Monitoring of water services delivery is a key factor for sustainability of water services. This was the theme of the monitoring and evaluation sessions at the 6th World Water Forum in Marseille in March 2012. It was observed that most approaches to monitoring focus on coverage measured in terms of numbers of systems built and people served. They seldom take into account the functionality of systems and their sustainability. 

Showcasing experiences from 16 countries, the session emphasised that monitoring of water services is essential to reduce interruption in services, to improve financial stability and to enhance transparency in water management. It also results in better operation and maintenance (O&M) as well as reduced costs on systems. 

To ensure sustainable water services, there are many factors that require monitoring including technical, institutional, environmental, economic and social issues as well as management, transparency and financing issues. Also it has to be clear who is in charge of monitoring; who is targeted by monitoring; what is the cost of monitoring; how and to whom are the monitoring results reported; and what kind of actions are taken from the findings. 

Although many countries are taking steps to integrate monitoring into water services, there are numerous challenges that need to be addressed. Some of the key challenges are: 
• Lack of comprehensive systems to capture data beyond just the number of sources
• Lack of standardised tools and methodologies
• Inadequate capacity for those involved in water service monitoring
• Unreliable data which never reflects the reality

The African Ministerial Council on Water (AMCOW) identified additional challenges as specific to Africa. These challenges were mainly to do with interventions which are project based and fragmented; absence of national frameworks for monitoring and evaluation; and monitoring efforts which mainly serve donor interests offering very little support to the sector. The commitment coming out of the session was that by 2020, more than half of the countries in each continent have organised, inclusive and reliable reporting mechanisms for water supply services in rural and urban areas.

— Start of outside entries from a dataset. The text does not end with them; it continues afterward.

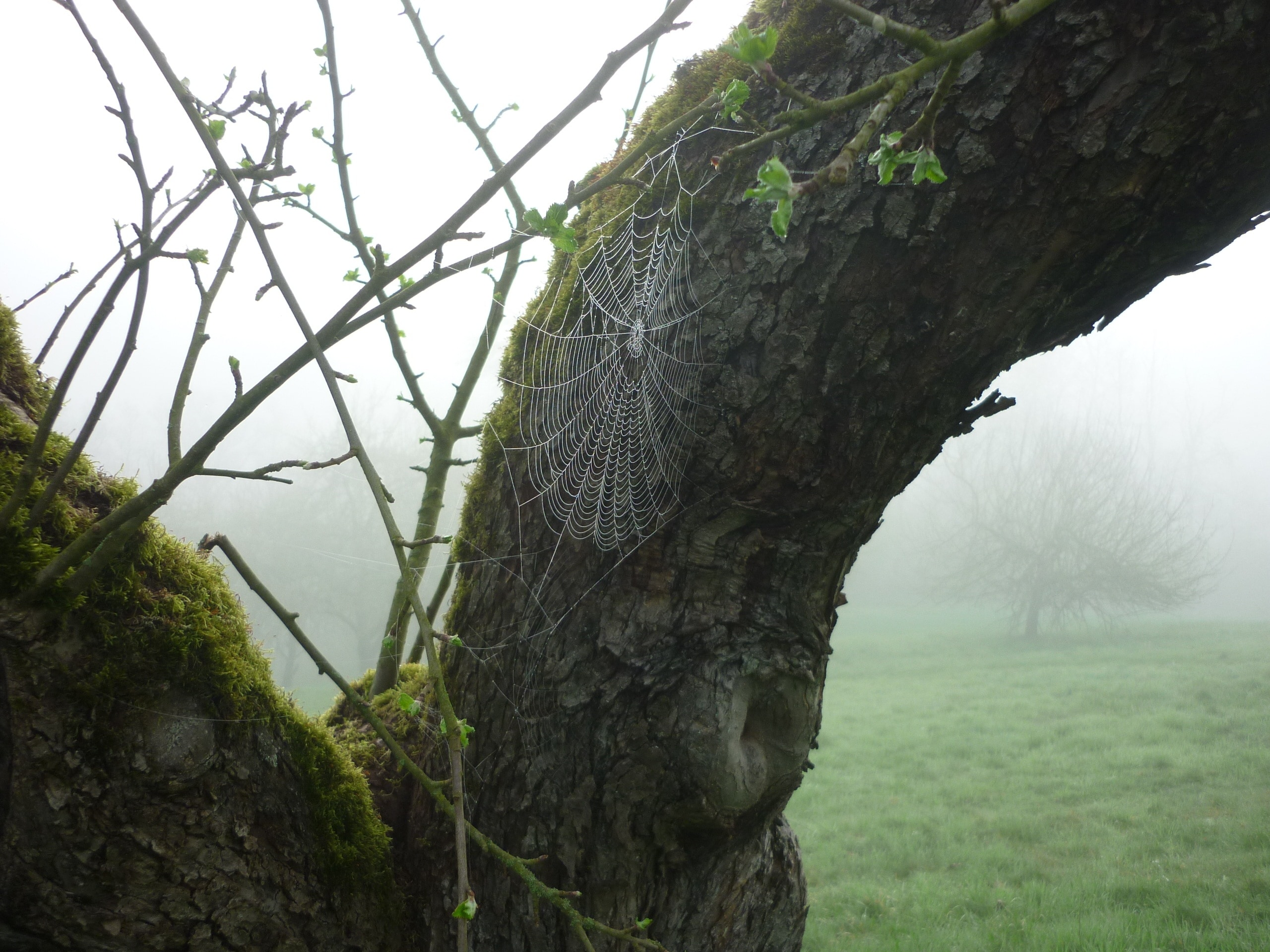 close up photo of spider web on gray tree trunk near green grass field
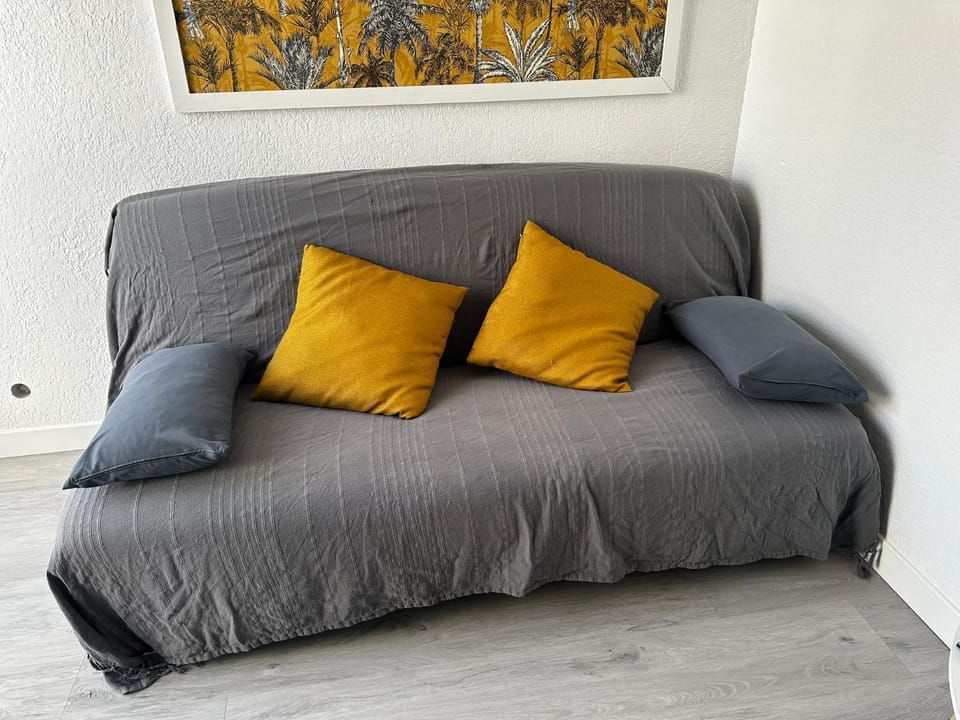 T2 Familiaux - Confort & Plage à Pied Apartment in Saint-Cyprien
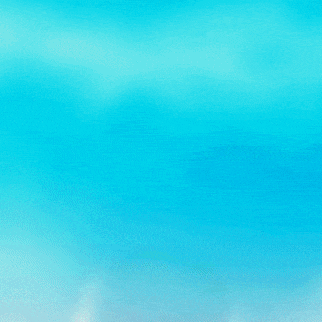 현빈 팬이 찍은 순간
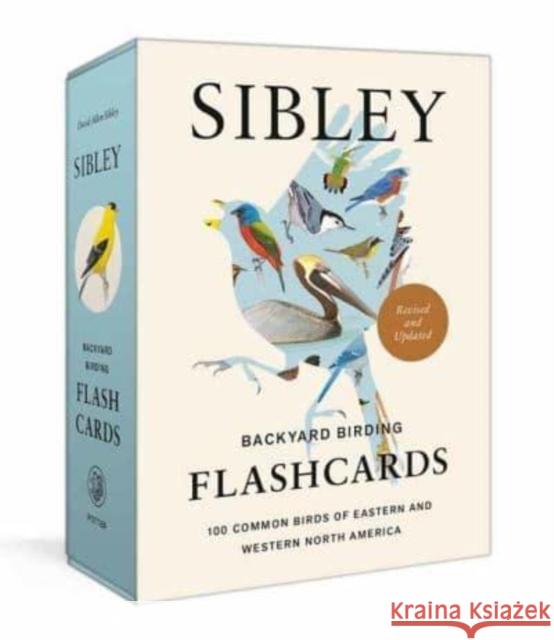 Sibley Backyard Birding Flashcards, Revised and Updated: 100 Common Birds of Eastern and Western North America Sibley, David Allen 9780593578544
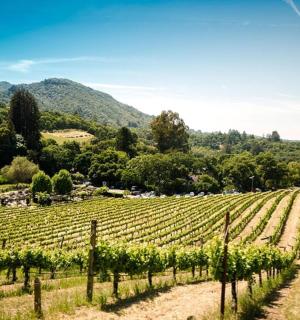 a vineyard with a bunch of grapes in a field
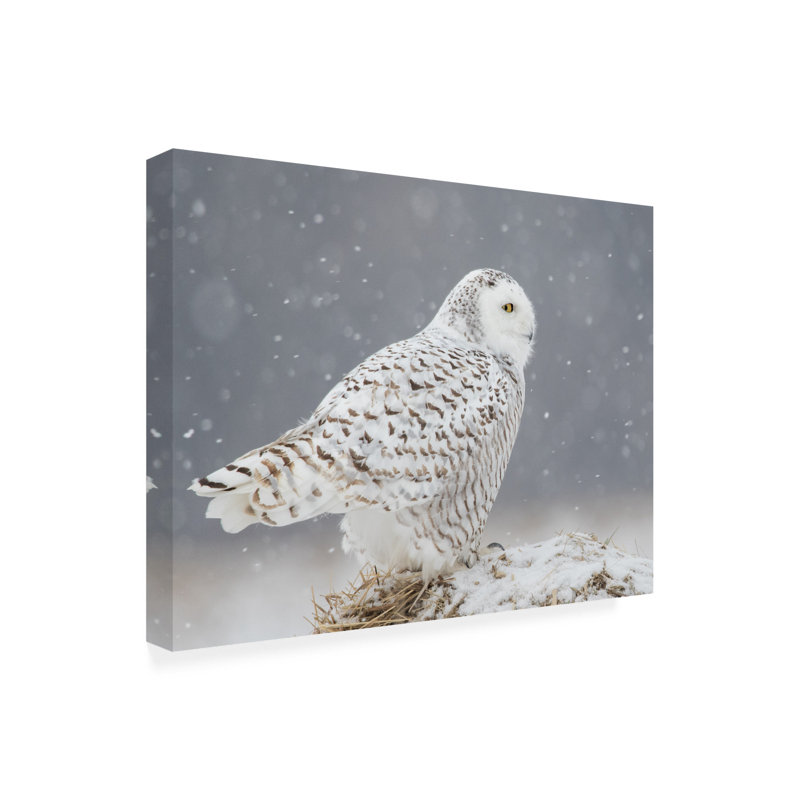 Art sur toile «Bachelor Ming H Yao A Side Portrait of Snowy Owl», H 18 po x l 24 po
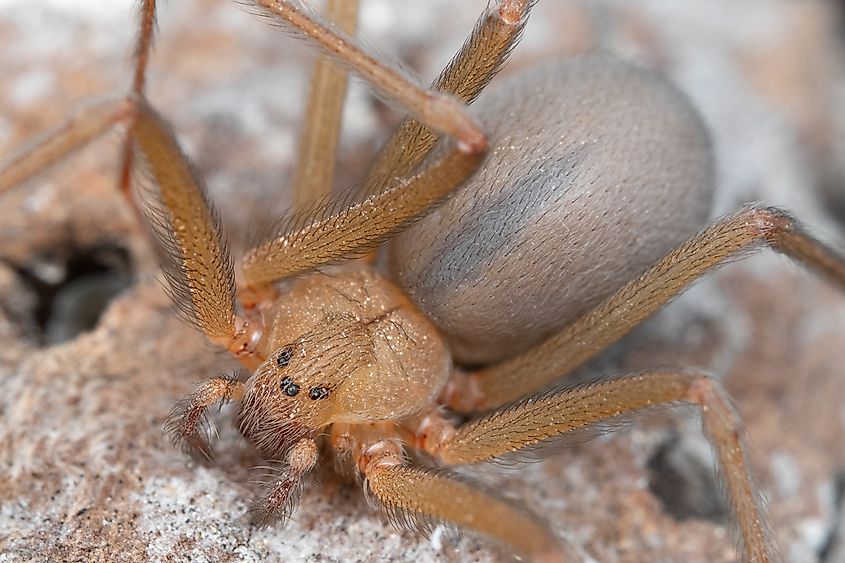 Desert recluse spider (Marshal Hedin from San Diego, USA, CC BY-SA 2.0 <https://creativecommons.org/licenses/by-sa/2.0>, via Wikimedia Commons)
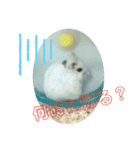 ジャンガリアンハムスター ごま（個別スタンプ：15）
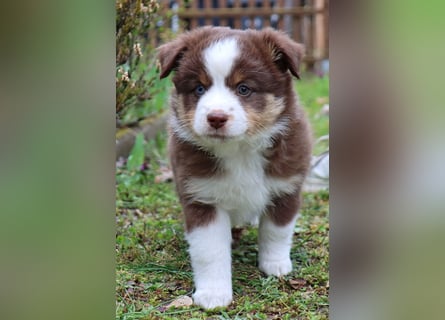 Miniature American Shepherd Welpen mit VDH Papiere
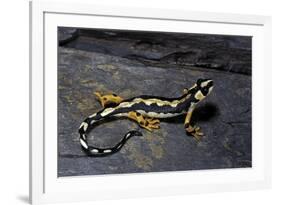 Neurergus Kaiseri (Luristan Newt, Emperor Spotted Newt)-Paul Starosta-Framed Photographic Print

Uganda's experience in monitoring water services, shared by Mr Aaron Kabirizi, Commissioner for Rural Water, Ministry of Water and Environment

"Our approach combines monitoring and support – all organisations that do monitoring of indicators also provide back-up support. We have set sector golden indicators and based on them we do the annual national sector performance reporting. For small towns and piped water schemes, we have regional systems which we call umbrella organisations. These are membership organisations comprising Water and Sanitation Service Boards (WSSB). These umbrella organisations carry out monitoring at regional level. We have designed a monitoring system and the indicators are all contained in there. The private operator does the information gathering and feeds it upwards until it reaches the ministry."